Lately, I've taken to cooking more, or attempting to anyways. It's a skill that you really do need for the remainder of your adulthood. As much as I love eating out, it's nice to know how to make meals you can enjoy at home. Since I am still an amateur, I stick to things that are pretty basic and don't take much time to make: appetizers, salads, soups and desserts. While I have succeeded in making some simple dinners, having dinner nights with friends is one of the best ways to learn to cook and to try new meals. It's fun to choose the recipes, split up the tasks, learn all at one, and then get to enjoy the meal you made together. The timing of making multiple things for dinner is always the challenge.

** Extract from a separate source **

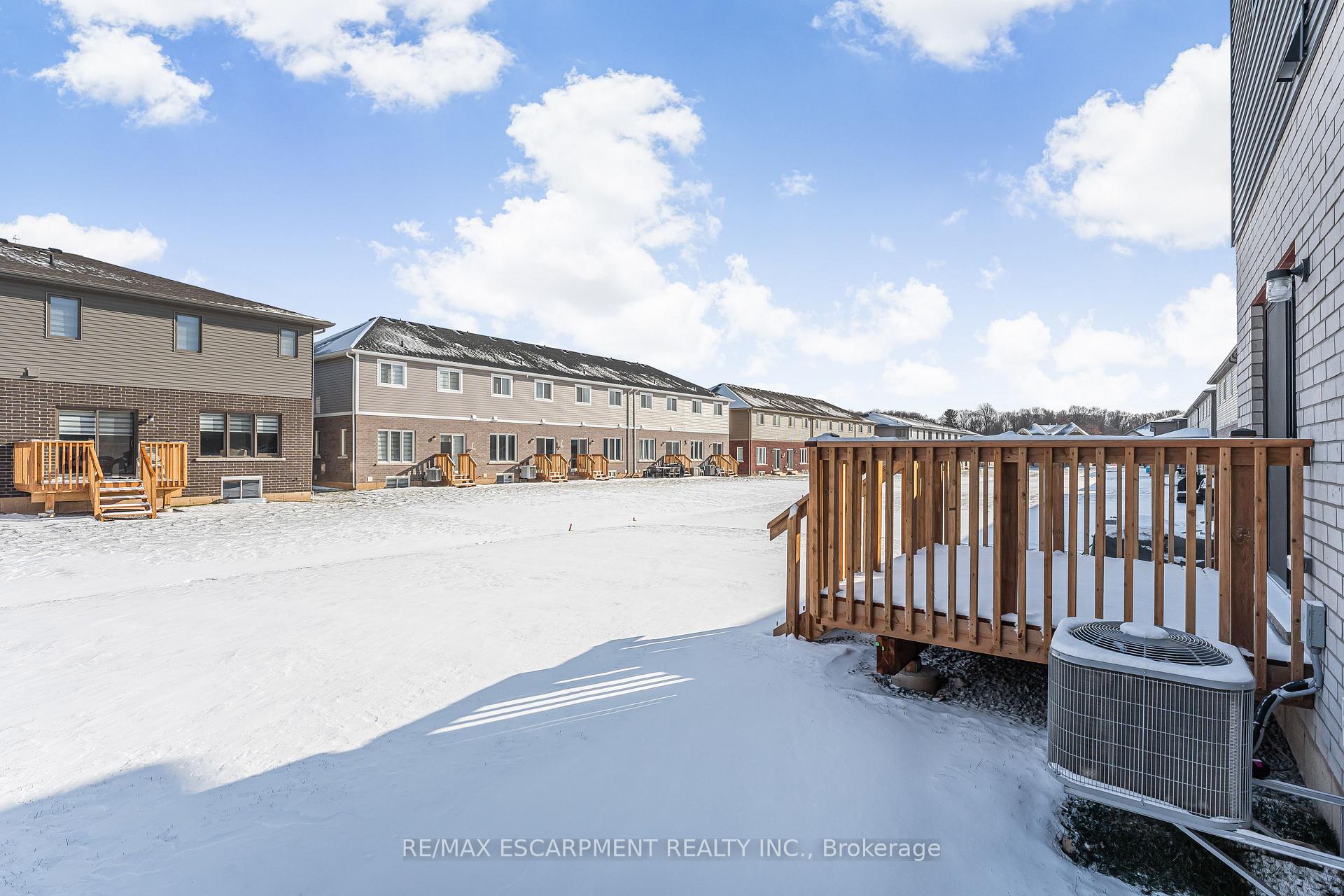 Photo 18 of 43 Saffron Way, Pelham, Fonthill — HOMEH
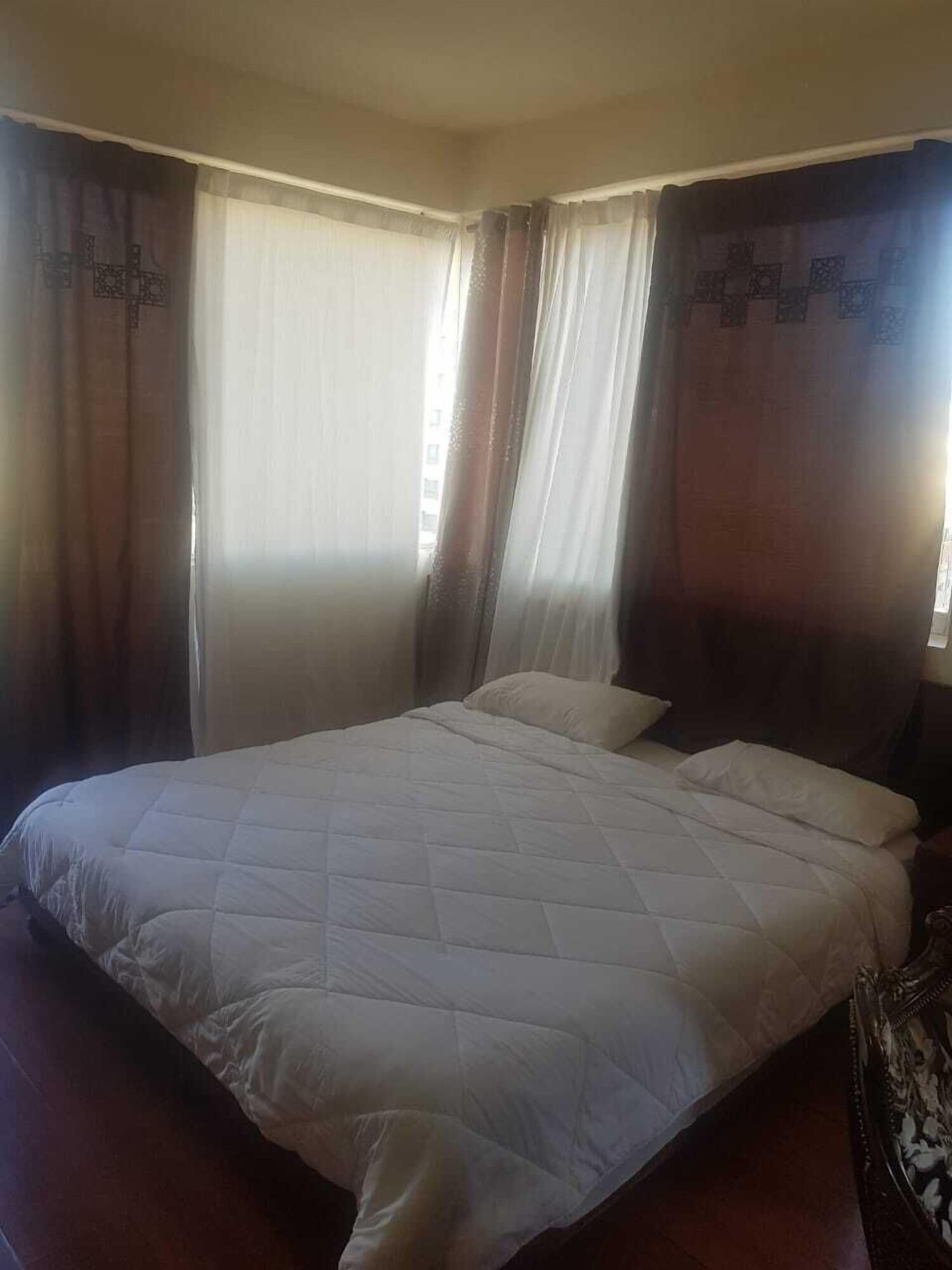 Standard, Single, Queen Bed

Today's recipe attempt was a Spinach Hummus Dip, and Matt encouraged me to slop it, so here it is:

Spinach Hummus Recipe
(makes ~2.5 cups)

1 15 oz can chickpeas, drained and rinsed
1 clove garlic, minced
2 cups fresh spinach, packed
1/4 cup tahini
1/4 cup water
2 tablespoons olive oil
1 1/2 lemons, juiced
salt and pepper

In a food processor add chickpeas, garlic and spinach. Pulse until combined, about 20 seconds (**it took me longer, stubborn spinach didn't make it's way to the food processor blades easily**). Turn off processor and scrape down the sides. Whisk together tahini, water, olive oil and lemon juice as well as salt and pepper. Turn food processor on and stream in liquid slowly. Once all liquid is added stop the food processor and scrape down the sides again. Taste and adjust for seasoning and pulse until fully combined.